SOAP Journal – 19 December 2018 (Nehemiah 6)

For all of them were [trying] to frighten us, thinking, “They will become discouraged with the work and it will not be done.” But now, [O God,] strengthen my hands.

Nehemiah 6:9

Chapter 6 of Nehemiah is the account of Sanballat and Tobiah and the rest of their circle trying to entrap Nehemiah in something that would smack of rebellion or to discourage the workers who were building the wall or both. Nehemiah flatly refused to leave the work he was doing no matter the message that was sent or the veiled threat to spread a rumor to the king. Nehemiah trusted God and his integrity to be enough.

There are three things that seem noteworthy to me.

One, Nehemiah refused to leave the work. Nehemiah refused to leave because he could see through the scheme and understood that it was all a ploy to stop the work.

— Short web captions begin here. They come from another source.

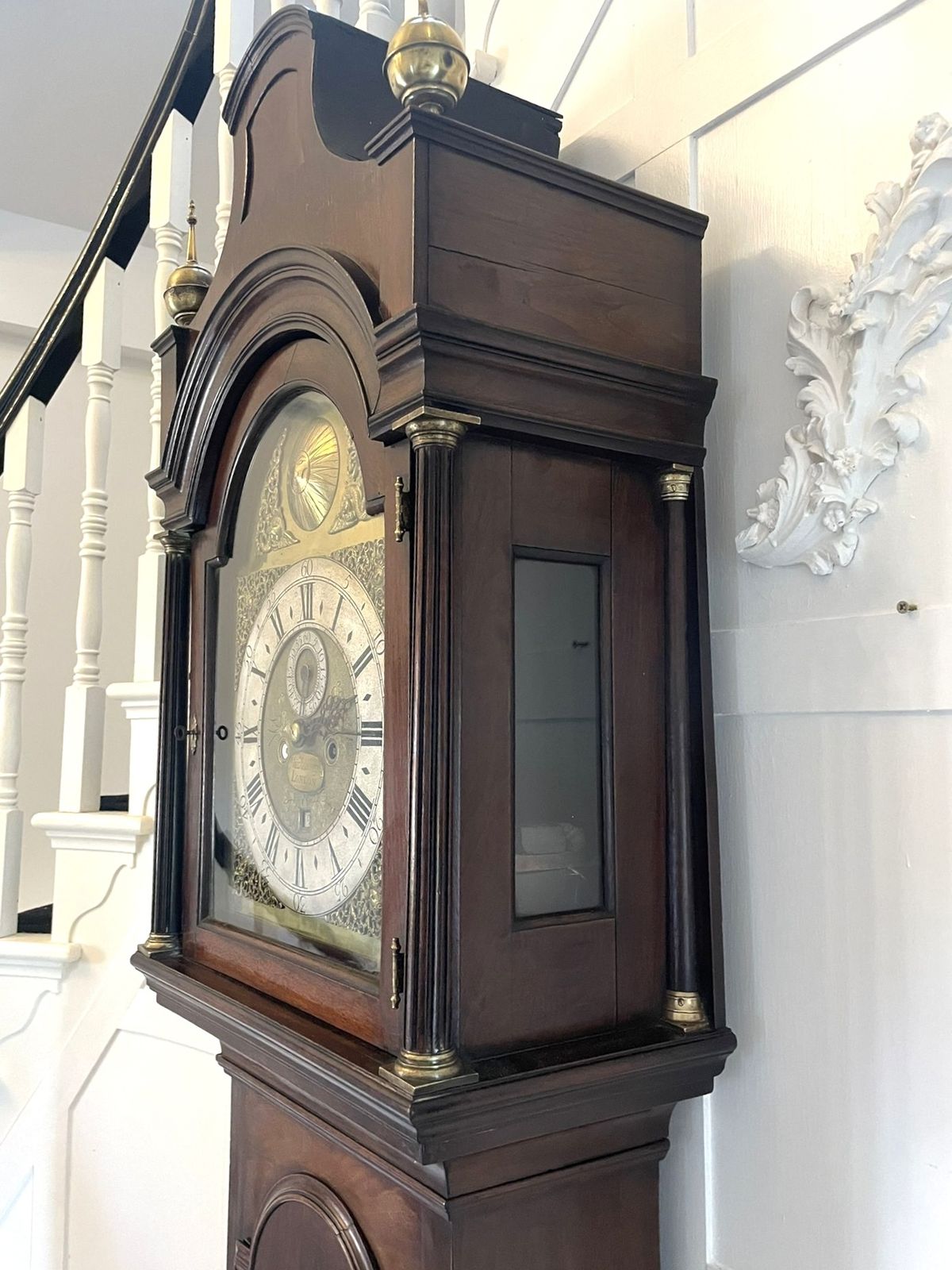 photo vintage Fine Antique Mahogany Longcase Clock Signed Charles Shuckburgh, London
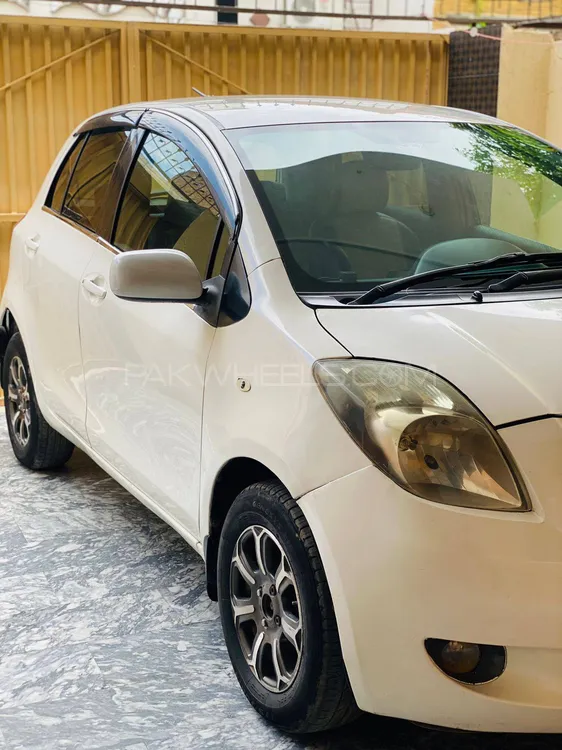 Toyota Vitz 2008 for Sale in Islamabad Image-1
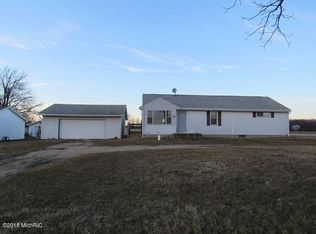 878 W Colon Rd, Bronson, MI 49028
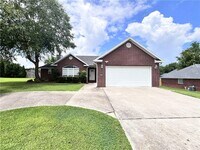 Building Photo - 208 Tunbridge Dr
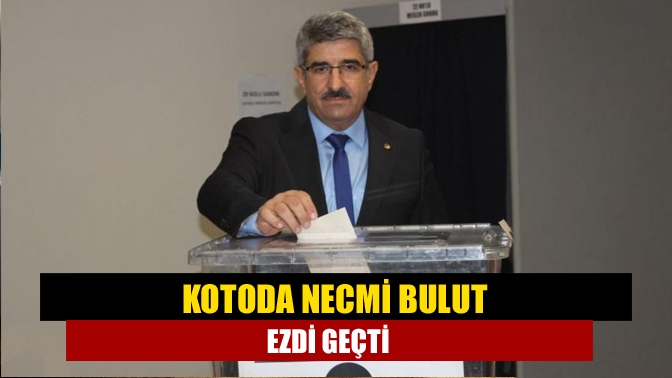Kocaeli Ticaret Odası'nın bugün gerçekleşen komite seçimlerinde Necmi Bulut'un mavi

Two, Nehemiah trusted God to preserve him and his reputation. Nehemiah had been sent to rebuild the wall with the king’s full knowledge and trust. So Nehemiah put his trust in God that nothing said to the king would undermine that trust.

Three, Nehemiah trusted his integrity. A person of integrity, who has lived their life consistently before God and men can often weather the storms of rumor and come out none the worse for wear.

I have experienced the flip side of this chapter. When I was a much younger man, I was given oversight of a junior high youth group. I was mid-twenties and single, but loved those kids as if they were my younger siblings. Generally, there was no problem. It happened that there was an event in which I would be going with the youth and some young women about my age on a camping trip. Some saw no problem — there would be plenty of accountability and I had, at the time, a good reputation — while others worried about what-ifs. The event happened, but not until an older, married overseer accompanied the group with his wife. This whole experience was just the most obvious of the resistance to that younger me being given oversight of the junior high youth. The event and all of the other regular times the youth group spent together seemed to be a blessing to the youth in the group and I allowed that work that God was doing to be sabotaged by the parents who opposed me being the one to do the work. I stepped down.

I am no Nehemiah, to be able to rely on my integrity. My life has plenty of dark corners where things I would rather not remember are leaning against the walls. But I can absolutely rely on God, because His integrity is beyond question.

Father God, thank You for workers like Nehemiah who remind me to stand and continue to do what You have called me to do until the work is complete or You call me to something else. Please make my regrets into instructive things that do not hinder, but spur. Please give me eyes to see the path You would have me walk, ears that hear Your voice directing me, and feet that are swift to follow in Your ways.